The second factor is the presence of an unresolved banking crisis and an associate credit crunch, which will further depress nominal growth. In an environment of low nominal growth, high debt will not inflate away. The European Central Bank will not accept higher inflation. And Germany will not accept eurozone bonds, not even after its general election in September.

Policy makers are clinging to the hope that banking union will resolve everything. But can this new regime, once it is in place next year, do the job? Can it force a large-scale restructuring of the sector, close down unprofitable institutions, merge others or force partial nationalisations? Of course not.

First of all, the banking union in its initial stages will be mostly nationally funded. It will consist of a central supervisor with a series of nationally co-ordinated resolution regimes, but without a central backstop. This itself would not be half as bad were it not for the renationalisation of finance, which has been the key characteristic of the financial resolution policies of the past few years. What it means is that resolution would end up merely reshuffling debt from one sector of the economy to another. If, for example, you bail in an Italian pension fund that owns Italian bank bonds, the Italian state may end up supporting the pensioners. While the eurozone has some debt-absorption capacity, the indebted peripheral member states do not.

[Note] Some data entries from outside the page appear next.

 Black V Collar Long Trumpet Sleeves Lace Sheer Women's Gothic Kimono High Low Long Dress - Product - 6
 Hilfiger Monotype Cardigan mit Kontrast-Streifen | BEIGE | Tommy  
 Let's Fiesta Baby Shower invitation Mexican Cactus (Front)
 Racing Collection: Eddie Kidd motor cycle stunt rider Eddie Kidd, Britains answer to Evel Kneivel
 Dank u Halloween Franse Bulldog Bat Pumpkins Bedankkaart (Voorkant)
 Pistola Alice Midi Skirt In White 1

The second reason is more subtle. There is simply no tradition of radical bank resolution in Europe. European bank supervisors are national operators by temperament, not international referees. They see their job as colluding with their national banking sectors to protect them against foreign competition. When a crisis occurs, they let the next economic recovery take care of the problem, rather than resolving it by reducing banking capacity. While I do believe that a banking union constitutes an important reform in the long run, it is very naive to think that the newly appointed bank supervisors are going to resolve the European banking sector with a determination they never displayed in their capacity as national supervisors.

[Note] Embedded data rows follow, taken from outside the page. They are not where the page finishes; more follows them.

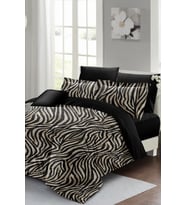 Lastikli Çarşaflı %100 Pamuk Saten Çift Kişilik Nevresim Takımı Black Zebra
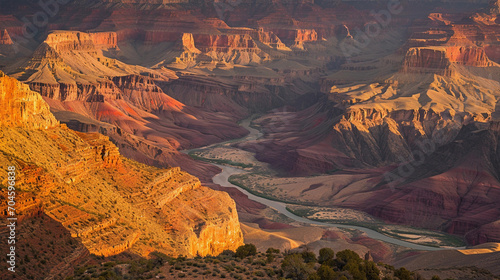 Colorado River snaking through the Grand Canyon, golden hour light casting long shadows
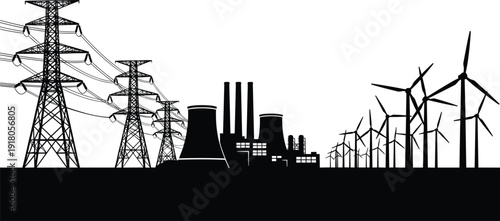 Electric power generation panorama with transmission towers, thermal power plant and wind turbine farm illustrating industrial electricity 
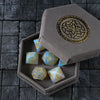 Mage Fury Gemstone Opalite Hand Carved Polyhedral Dice (And Box) Dice Set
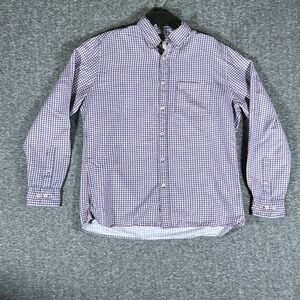 Brooks Brothers Fleece Mens Button Down Shirt Size L Geometric Print Long Sleeve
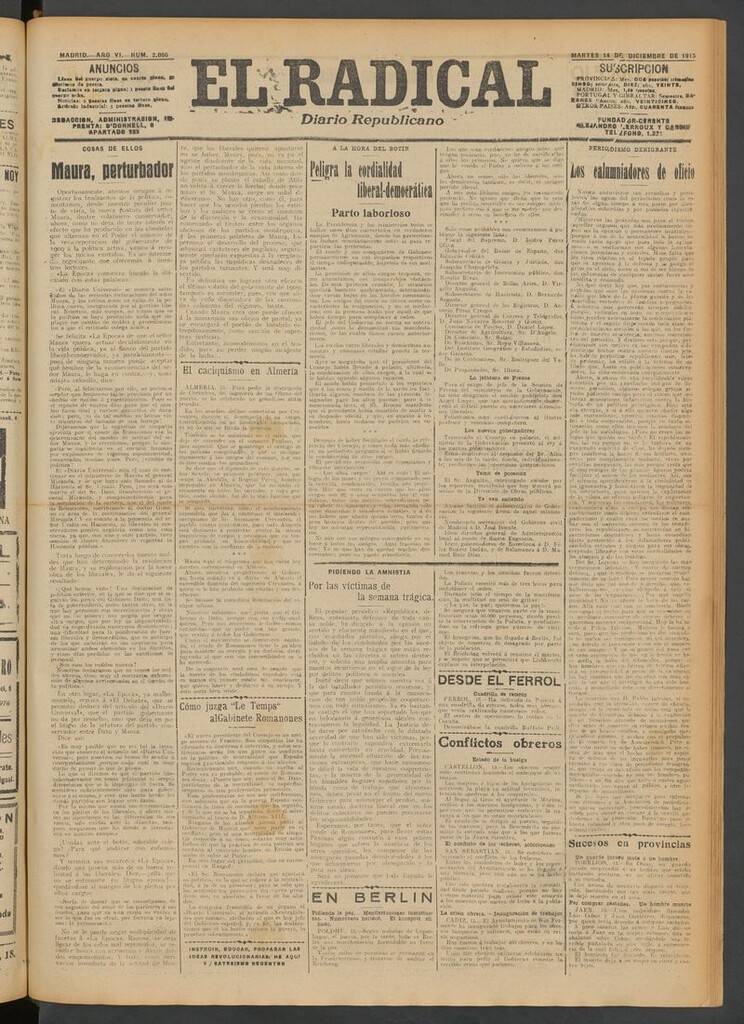 Miniatura de El Radical: diario republicano del 14 de diciembre de 1915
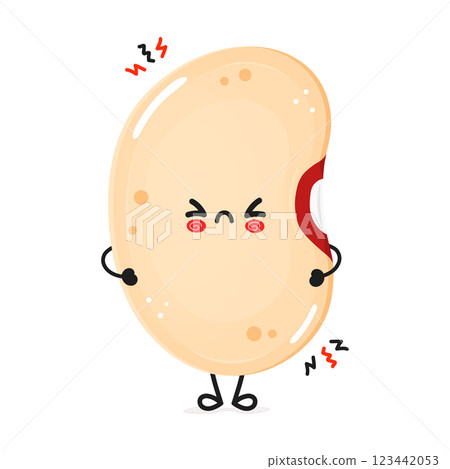 Unhappy Beans Character. Grumpy Legume with Displeasure 123442053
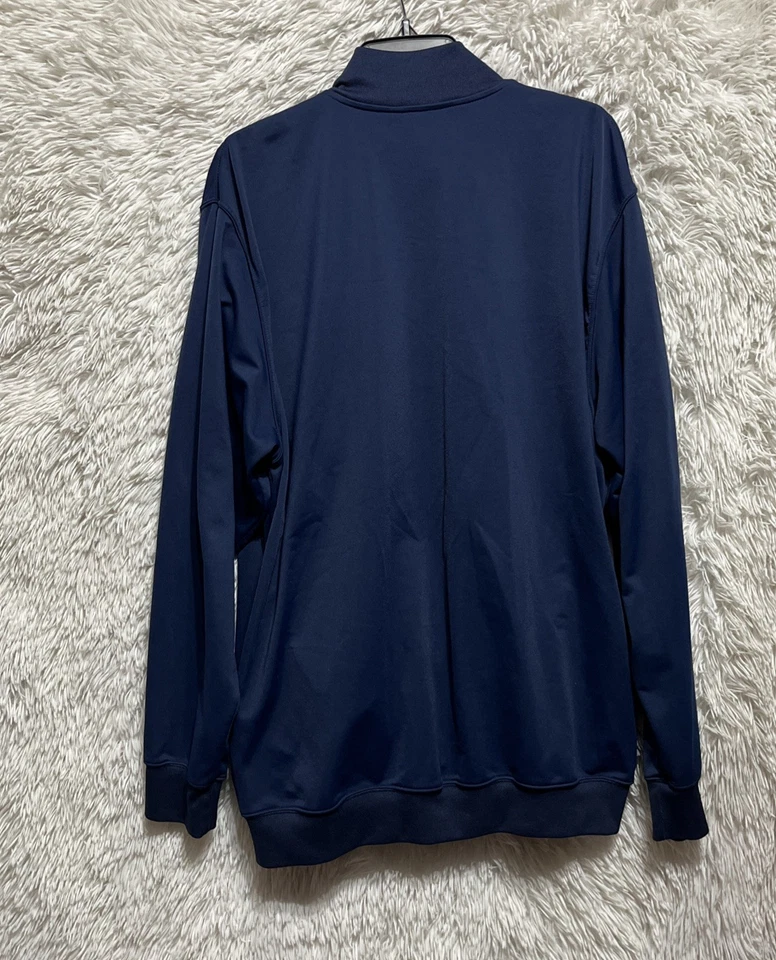 复古耐克田径夹克男式 XL 蓝色白色全拉链 Swoosh 标志口袋 — 第 3/4 张图片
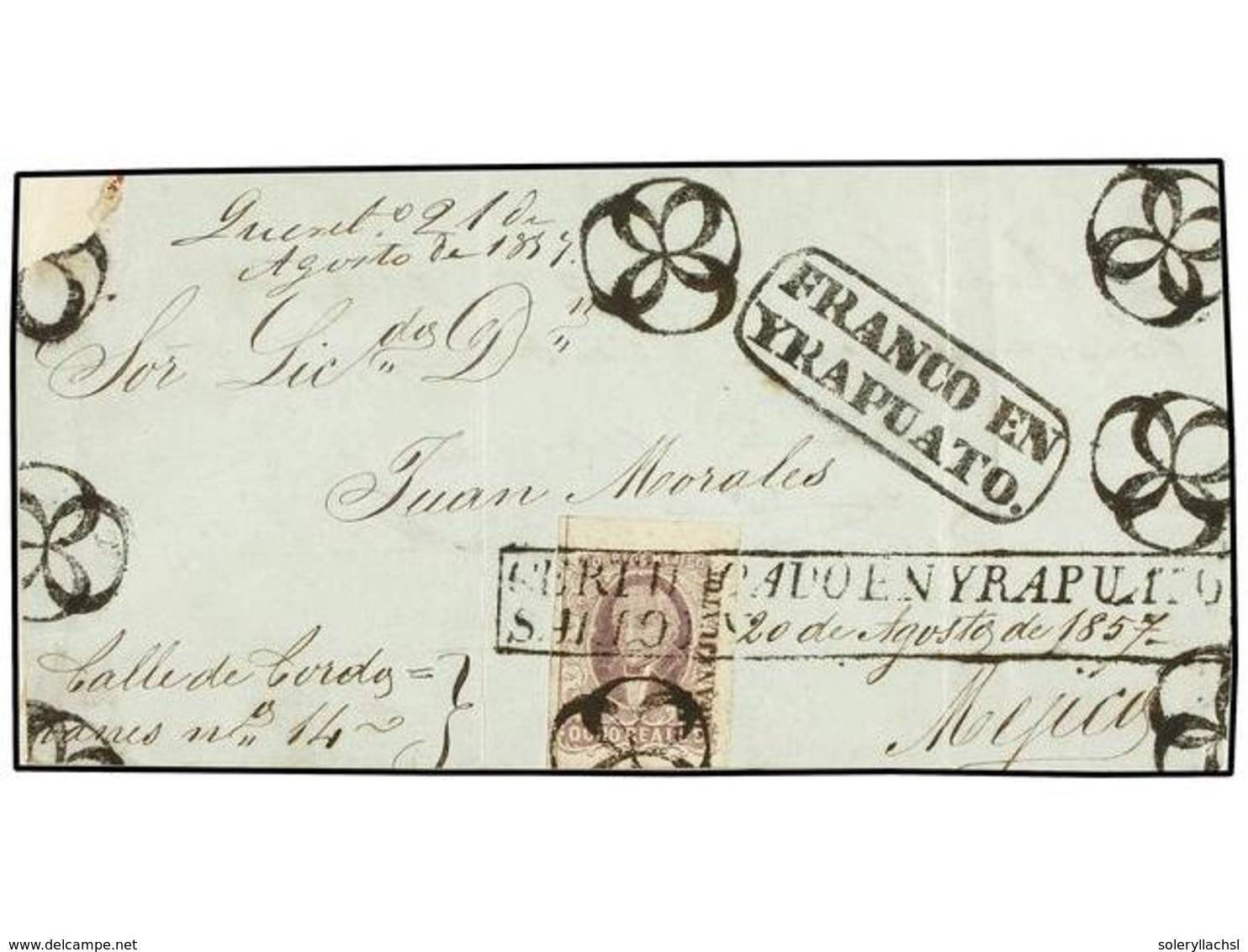 MEXICO. Sc.5. 1857. Frente De CARTA CERTIFICADA Circulada De YRAPUATO A MÉXICO Con 8 Reales Lila. Matasellos CERTIFICADO - Sonstige & Ohne Zuordnung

This leaves us with a bank resolution strategy – if you want to call it that – that begins with an inadequate bank recapitalisation, on the basis of dubious stress tests and asset quality reviews, and is followed by further piecemeal steps in later years as the shortcomings of the strategy become more evident. All this will be accompanied by regulatory forbearance. We are already seeing this process at work in Spain.

Leaving it to the next recovery to take care of the problem will not work this time because the credit crunch and debt deflation prevent the recovery. Resolution is a precondition for growth. But since policy makers are in denial over the problem of debt deflation and the wider impact of austerity, I do not expect to see any real radicalism.

What about the resolution of sovereign debt? It will come in the form of a hidden debt mutualisation for peripheral government debt through loan extensions and lower interest rates. Take both to the extreme limits and you end up with the paradox of a perpetual zero coupon bondmeaning a total loss for creditors, never officially recognised. The European Stability Mechanism thus turns into a vehicle to deliver hidden eurozone bonds.

So, overall, we are looking at a mixture of financial and regulatory forbearance, small-scale recapitalisations and deleveraging, a process that will take many years to complete. During this period of financial retrenchment, the private sector will remain weak, while the public sector will be constrained by treaty obligations to run large fiscal surpluses.

On the positive side, I would expect the export sector in the periphery to grow moderately but not nearly enough to compensate for those two effects. We are looking at a decade of low growth and zombie banks, similar to what has blighted Japan in the past 20 years.